● **What you will do**:
Return the data below exactly, please, but drop the pictures.

● **Data section**:

+-------+

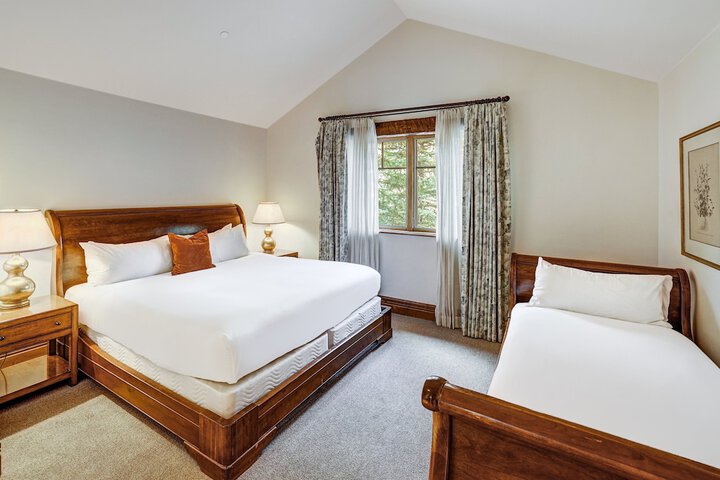 Room 217 of 450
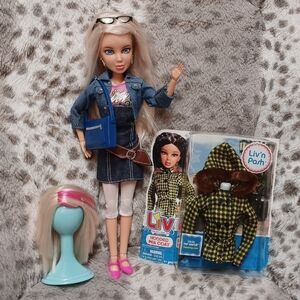 2009 Spinmaster Liv Doll and Accessories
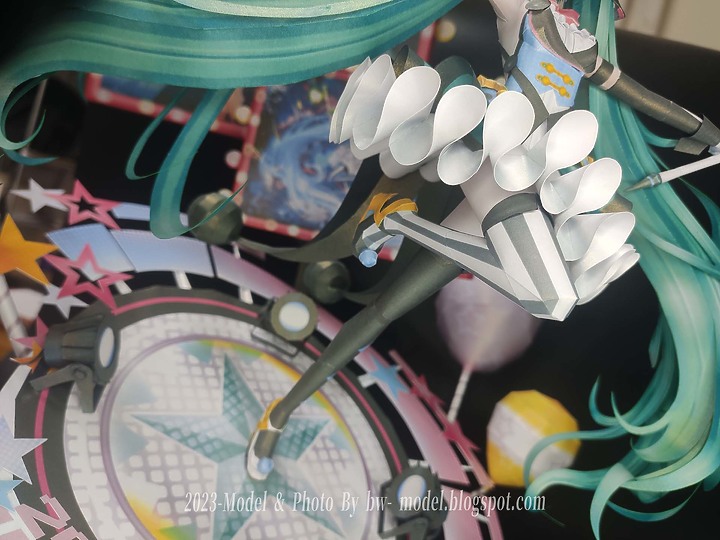 點我看大圖 VOCALOID 初音未來(魔法未來2019 Ver.) 紙模型 製作 Paper Craft ペーパークラフト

+-------+

● **The answer**:
 Room 217 of 450
 2009 Spinmaster Liv Doll and Accessories
 點我看大圖 VOCALOID 初音未來(魔法未來2019 Ver.) 紙模型 製作 Paper Craft ペーパークラフト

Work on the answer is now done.